FP: I remember the first time I got on set, I was so scared that I forgot my only line of the day. I only had one line, and mine was the one that came first, and it was so simple, and I was like, “I forgot my line,” and I was so nervous. I also remember watching the way that actors appreciated and took everyone, every crew member, as equal. I remember thinking, I hope that I can continue to be like that. Treatment of others is a very key lesson to learn early on.
TV: You have done a number of period pieces. Do you find yourself gravitating toward those sorts of roles, or are there quirkier types of roles that you would love to play in the future?
FP: As it happens, those have been the roles that have had great women in them and great storylines, and that’s always what I’m attracted to. My team [and I] have always made a point of saying, “What’s the point in you doing something without having a character that you are totally in love with?” As I’ve said before, I don’t think they even have to be good people; they can be complicated, and as long as they have something to say and are representing something, then great. So, yeah, I’ve done a few period pieces, but that’s not it forever, I promise.
TV: What’s the most surreal moment you’ve had so far while being a young actor?
FP: In Fighting With My Family there’s a scene where I have to wrestle; I have to do the famous fight between Paige and AJ Lee. We actually did perform it in front of all those thousands of people. And just beforehand, we had a little dress rehearsal, and there were all these famous wrestlers going around and watching as well. Terrifying. All these amazing wrestlers were just standing on the edge of the ring, just watching you. So I was dying. And I remember Dwayne [“The Rock” Johnson] just came in, and he basically was coaching me on how to do all these moves, and he was like, “Don’t worry, I’ll protect you if anything goes wrong — I’m here.” Dwayne’s teaching me how to wrestle, and he’s also saying that he’ll protect me? Sure…OK!
TV: You have had a big social following for a bit — what sort of responsibility do you feel because of that? Especially as a young person?

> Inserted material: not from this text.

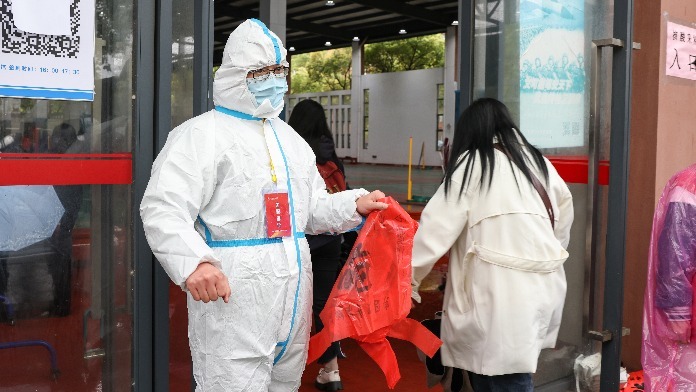 江西师范大学：风雨球馆门口的教授夫妻志愿者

FP: So much responsibility. People tend to only show the positives, all the highlights, and it’s very easy to do that because we go on our phones and we edit it to make it look pretty, and then we go, “OK, this is what was really good about today.” It’s also down to us to maybe open up a bit and make sure people are seeing your spots on your face on a Monday morning, and people are seeing you looking horrendous and people are seeing you in trackies, and people do see the very boring, mundane parts of your day. I’m trying not to edit my life too much.

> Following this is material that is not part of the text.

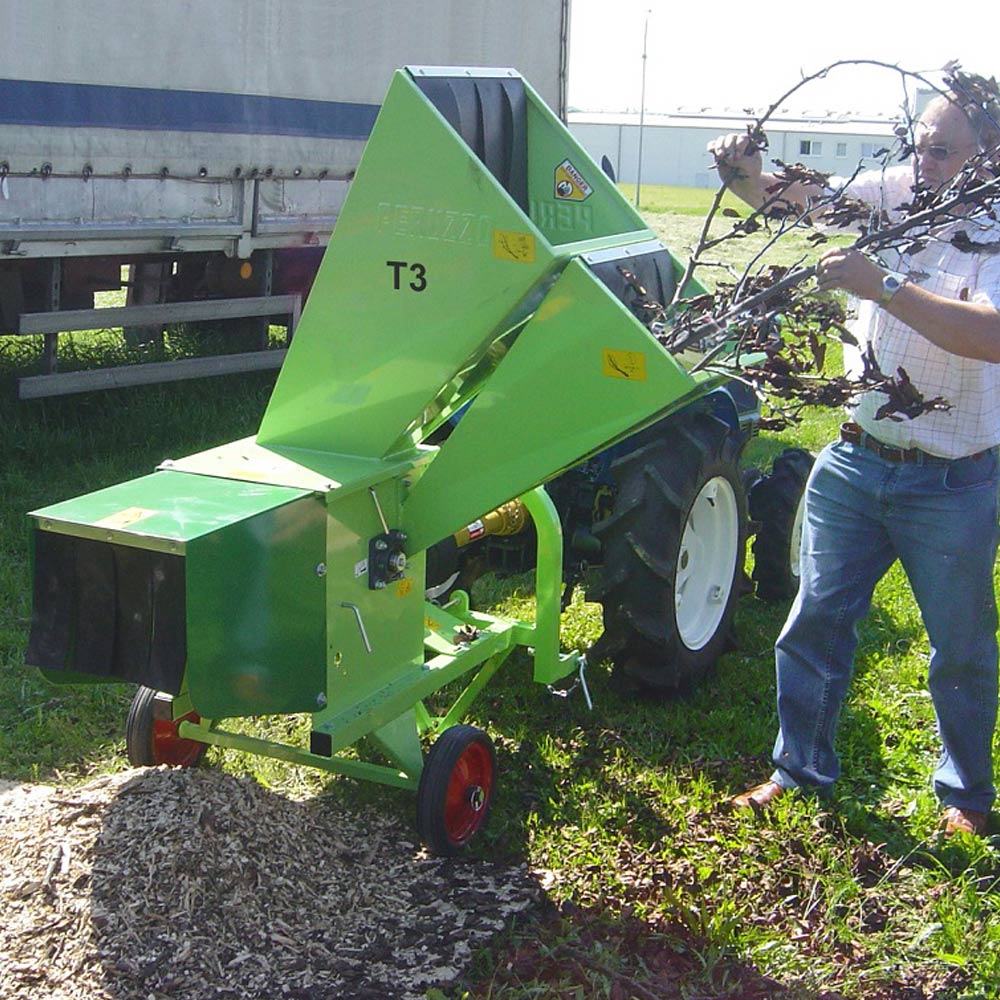 Peruzzo T3 Wood Chipper PTO, 3-Point Hitch, 20-35 HP Tractors, 3-¼" Capacity, Blades and Hammers Dual Cutting and Shredding, Made in Italy - Image 4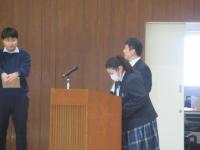 真剣に聞く新入生2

TV: What depictions of women would you like to see more of in Hollywood?
FP: I think we need to see more of every persona, shape, size, color, age, hair color. It’s so important to keep it broad, because for a while there’s been this very small amount of faces that can be seen and voices that will be heard, and we’re in this really special time right now where Hollywood is reeducating itself. It would be really wicked to see more fun, strange faces and more peculiar stories, because it’s a big world. There are a lot of people to cater to.

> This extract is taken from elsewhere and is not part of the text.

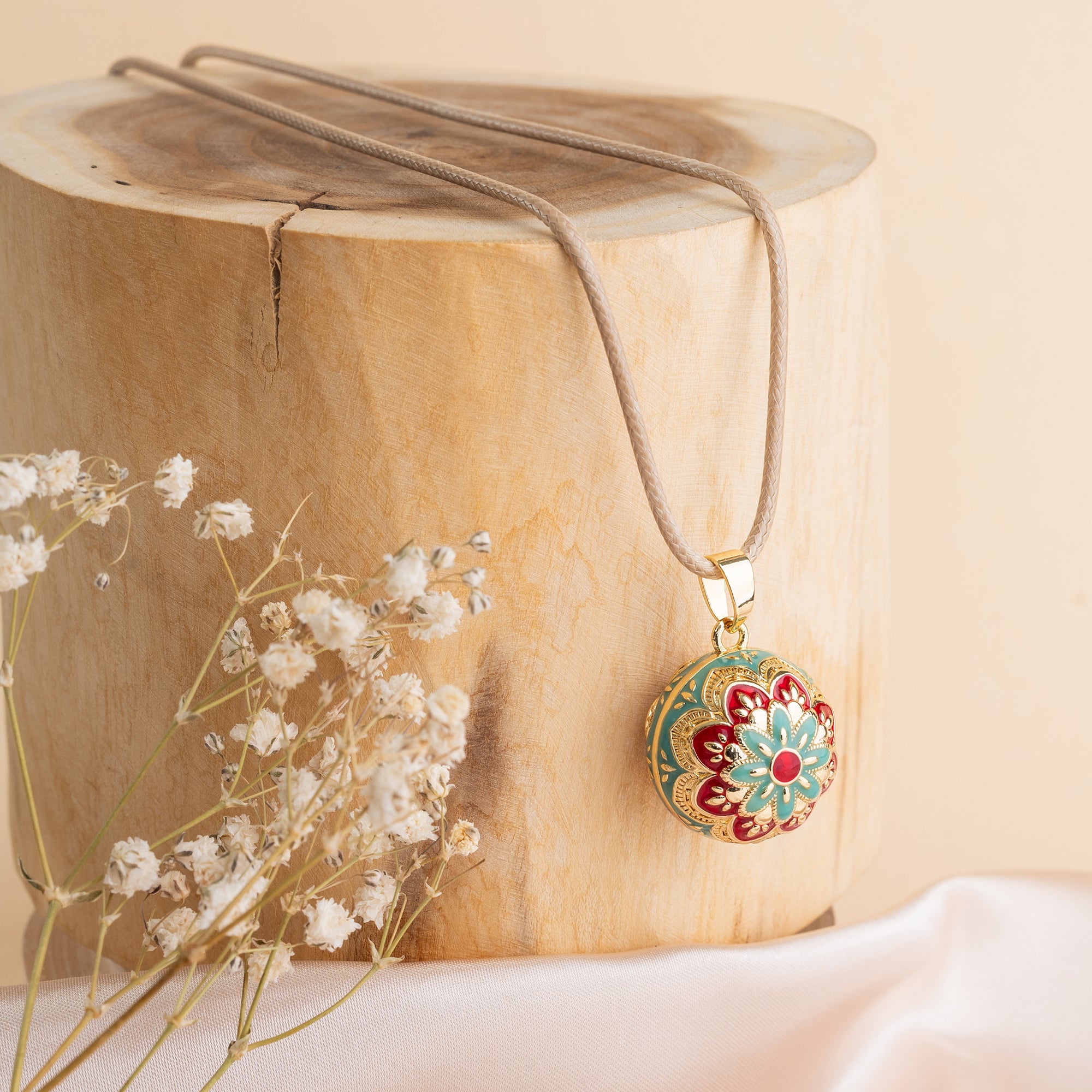 Rolnička Meda – detail zdobeného povrchu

TV: As a representative of young Hollywood, what parts of you as a performer do you hope to see more of in Hollywood in general?
FP: Something that I’ve always been really keen on representing is some honesty with the way that we view ourselves. That’s something I’ve always appreciated watching actors that I’ve looked up to, is when they look like you and me, or they have a funny elbow, or they have, you know, a hairy face. I promised myself that if I were to do this, I couldn’t pretend to look like someone that I wasn’t, because that’s the whole point of what I’m trying to represent. I would love for people to watch my films and go, “Oh, my God, we have the same weird thighs” or “We have the same knees, and she’s doing this, and what an inspiring character that’s being played.”